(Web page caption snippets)
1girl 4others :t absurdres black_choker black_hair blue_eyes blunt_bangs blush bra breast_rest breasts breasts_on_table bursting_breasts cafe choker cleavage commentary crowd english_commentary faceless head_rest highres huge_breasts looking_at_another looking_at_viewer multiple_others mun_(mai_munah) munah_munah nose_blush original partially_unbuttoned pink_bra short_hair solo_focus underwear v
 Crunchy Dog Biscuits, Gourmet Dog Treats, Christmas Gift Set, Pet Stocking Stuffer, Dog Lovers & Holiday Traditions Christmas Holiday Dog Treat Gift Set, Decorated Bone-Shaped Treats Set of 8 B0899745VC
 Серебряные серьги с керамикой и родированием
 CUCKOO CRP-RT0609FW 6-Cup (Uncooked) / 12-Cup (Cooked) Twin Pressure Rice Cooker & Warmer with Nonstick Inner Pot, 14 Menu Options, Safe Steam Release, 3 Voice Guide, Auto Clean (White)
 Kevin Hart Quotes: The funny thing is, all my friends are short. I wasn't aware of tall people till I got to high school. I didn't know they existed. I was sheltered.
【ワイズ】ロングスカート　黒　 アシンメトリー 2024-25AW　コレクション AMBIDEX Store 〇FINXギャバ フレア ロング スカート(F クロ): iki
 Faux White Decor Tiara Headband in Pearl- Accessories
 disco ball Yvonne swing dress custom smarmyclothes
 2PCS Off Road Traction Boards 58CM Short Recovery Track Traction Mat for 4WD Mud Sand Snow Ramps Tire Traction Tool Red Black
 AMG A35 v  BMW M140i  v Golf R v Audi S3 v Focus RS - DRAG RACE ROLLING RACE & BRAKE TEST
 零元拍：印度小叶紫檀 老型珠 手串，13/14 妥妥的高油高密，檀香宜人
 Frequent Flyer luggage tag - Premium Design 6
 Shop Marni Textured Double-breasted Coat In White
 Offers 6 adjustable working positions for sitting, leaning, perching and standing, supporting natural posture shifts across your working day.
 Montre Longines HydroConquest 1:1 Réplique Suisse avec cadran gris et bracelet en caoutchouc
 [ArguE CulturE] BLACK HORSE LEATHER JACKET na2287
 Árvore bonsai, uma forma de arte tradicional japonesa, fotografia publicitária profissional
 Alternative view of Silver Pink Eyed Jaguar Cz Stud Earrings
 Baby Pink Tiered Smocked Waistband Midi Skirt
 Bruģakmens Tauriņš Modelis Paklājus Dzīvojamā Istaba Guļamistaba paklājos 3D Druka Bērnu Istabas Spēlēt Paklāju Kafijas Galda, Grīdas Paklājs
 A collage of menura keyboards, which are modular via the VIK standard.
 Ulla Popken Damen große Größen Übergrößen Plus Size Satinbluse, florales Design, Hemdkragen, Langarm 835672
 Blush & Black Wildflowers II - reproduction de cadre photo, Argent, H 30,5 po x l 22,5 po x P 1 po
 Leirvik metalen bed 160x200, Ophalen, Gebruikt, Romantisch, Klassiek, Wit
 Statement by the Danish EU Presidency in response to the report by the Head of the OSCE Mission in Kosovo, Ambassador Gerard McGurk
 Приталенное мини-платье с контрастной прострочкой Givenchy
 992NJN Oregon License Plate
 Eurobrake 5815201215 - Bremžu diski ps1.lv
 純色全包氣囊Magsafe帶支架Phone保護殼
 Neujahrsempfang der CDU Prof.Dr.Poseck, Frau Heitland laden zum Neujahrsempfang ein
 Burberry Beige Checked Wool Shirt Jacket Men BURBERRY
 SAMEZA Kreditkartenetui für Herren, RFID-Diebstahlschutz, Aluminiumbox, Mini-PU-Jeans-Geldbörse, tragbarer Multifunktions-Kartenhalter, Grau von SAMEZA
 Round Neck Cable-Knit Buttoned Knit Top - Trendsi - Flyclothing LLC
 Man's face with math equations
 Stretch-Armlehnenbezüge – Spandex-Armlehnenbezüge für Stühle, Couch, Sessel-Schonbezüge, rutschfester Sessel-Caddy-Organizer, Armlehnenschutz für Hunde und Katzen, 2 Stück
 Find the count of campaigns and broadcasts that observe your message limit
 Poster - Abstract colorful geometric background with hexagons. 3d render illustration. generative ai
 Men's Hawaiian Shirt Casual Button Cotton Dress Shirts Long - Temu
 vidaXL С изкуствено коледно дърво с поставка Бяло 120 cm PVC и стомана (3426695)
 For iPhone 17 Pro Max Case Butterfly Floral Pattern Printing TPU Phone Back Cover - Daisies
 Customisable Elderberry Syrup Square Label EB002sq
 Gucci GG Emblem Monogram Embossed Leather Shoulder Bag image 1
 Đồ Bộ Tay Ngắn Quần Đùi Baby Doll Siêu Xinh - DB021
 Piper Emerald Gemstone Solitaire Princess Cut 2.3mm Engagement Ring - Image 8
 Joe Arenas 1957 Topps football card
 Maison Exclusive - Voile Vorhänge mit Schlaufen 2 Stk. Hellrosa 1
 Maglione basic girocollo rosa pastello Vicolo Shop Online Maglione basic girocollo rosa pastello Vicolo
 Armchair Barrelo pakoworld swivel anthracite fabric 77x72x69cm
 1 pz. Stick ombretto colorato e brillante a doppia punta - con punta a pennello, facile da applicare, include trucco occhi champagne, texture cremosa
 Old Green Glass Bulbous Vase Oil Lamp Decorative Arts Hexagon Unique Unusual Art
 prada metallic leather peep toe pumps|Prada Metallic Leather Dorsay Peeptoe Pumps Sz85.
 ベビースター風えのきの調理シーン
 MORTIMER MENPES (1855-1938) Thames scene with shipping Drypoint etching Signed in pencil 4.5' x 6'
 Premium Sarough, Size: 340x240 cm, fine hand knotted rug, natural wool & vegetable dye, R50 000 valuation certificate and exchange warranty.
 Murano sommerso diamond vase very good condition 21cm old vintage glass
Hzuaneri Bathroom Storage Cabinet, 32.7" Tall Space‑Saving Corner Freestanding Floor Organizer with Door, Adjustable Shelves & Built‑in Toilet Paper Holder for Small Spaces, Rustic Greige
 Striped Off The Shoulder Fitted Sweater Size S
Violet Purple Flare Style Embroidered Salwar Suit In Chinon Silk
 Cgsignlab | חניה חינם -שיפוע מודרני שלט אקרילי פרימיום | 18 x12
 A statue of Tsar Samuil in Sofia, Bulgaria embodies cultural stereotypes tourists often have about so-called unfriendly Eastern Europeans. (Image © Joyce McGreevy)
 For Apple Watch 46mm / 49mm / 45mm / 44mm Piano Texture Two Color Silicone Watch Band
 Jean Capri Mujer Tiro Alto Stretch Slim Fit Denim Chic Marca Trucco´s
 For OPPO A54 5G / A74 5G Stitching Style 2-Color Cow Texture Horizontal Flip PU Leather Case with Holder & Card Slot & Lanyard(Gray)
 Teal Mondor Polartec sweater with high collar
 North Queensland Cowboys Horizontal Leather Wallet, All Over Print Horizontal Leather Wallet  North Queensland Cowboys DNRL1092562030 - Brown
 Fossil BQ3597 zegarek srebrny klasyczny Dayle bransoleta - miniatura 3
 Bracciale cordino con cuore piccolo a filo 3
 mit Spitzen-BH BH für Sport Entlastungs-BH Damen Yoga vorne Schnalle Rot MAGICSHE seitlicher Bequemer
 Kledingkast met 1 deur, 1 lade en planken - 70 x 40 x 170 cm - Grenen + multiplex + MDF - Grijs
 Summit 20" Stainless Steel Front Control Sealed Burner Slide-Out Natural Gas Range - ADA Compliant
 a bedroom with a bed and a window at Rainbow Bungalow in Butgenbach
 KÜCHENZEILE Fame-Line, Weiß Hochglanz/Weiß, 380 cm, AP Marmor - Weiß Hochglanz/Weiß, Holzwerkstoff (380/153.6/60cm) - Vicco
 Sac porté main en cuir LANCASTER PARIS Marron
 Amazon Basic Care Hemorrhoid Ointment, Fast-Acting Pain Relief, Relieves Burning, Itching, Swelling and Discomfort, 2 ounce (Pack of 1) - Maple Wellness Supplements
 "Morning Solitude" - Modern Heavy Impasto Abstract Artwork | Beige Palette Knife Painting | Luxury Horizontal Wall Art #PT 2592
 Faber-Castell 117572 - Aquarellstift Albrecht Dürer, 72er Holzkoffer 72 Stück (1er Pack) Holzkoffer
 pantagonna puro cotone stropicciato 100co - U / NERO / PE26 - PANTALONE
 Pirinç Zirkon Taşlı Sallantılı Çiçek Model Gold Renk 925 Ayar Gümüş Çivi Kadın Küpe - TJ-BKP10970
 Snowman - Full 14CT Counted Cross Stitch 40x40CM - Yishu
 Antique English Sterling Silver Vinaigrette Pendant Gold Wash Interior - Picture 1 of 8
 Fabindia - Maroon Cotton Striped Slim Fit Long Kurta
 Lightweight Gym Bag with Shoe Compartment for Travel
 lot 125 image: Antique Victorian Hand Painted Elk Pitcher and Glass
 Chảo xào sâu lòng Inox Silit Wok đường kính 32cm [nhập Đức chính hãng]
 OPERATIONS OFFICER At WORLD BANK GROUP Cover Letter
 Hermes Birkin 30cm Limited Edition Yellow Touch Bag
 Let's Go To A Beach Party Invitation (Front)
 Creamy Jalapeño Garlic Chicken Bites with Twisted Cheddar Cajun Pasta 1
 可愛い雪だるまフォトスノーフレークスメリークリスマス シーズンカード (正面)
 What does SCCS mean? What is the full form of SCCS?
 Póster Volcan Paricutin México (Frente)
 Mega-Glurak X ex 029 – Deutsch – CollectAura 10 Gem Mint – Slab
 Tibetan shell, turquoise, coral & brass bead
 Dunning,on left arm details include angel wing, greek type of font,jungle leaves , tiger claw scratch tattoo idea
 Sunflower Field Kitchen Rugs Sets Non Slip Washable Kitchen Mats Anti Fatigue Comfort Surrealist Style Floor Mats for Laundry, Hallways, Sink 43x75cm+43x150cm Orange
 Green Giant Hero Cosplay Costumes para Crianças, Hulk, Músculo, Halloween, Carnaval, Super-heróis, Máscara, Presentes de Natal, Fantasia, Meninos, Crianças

#### WHAT TO WORK ON
Reproduce exactly the lines above from the line with "Baby Pink Tiered" to the line with "Statement by the", including both, and add nothing.

#### THE ANSWER
 Baby Pink Tiered Smocked Waistband Midi Skirt
 Bruģakmens Tauriņš Modelis Paklājus Dzīvojamā Istaba Guļamistaba paklājos 3D Druka Bērnu Istabas Spēlēt Paklāju Kafijas Galda, Grīdas Paklājs
 A collage of menura keyboards, which are modular via the VIK standard.
 Ulla Popken Damen große Größen Übergrößen Plus Size Satinbluse, florales Design, Hemdkragen, Langarm 835672
 Blush & Black Wildflowers II - reproduction de cadre photo, Argent, H 30,5 po x l 22,5 po x P 1 po
 Leirvik metalen bed 160x200, Ophalen, Gebruikt, Romantisch, Klassiek, Wit
 Statement by the Danish EU Presidency in response to the report by the Head of the OSCE Mission in Kosovo, Ambassador Gerard McGurk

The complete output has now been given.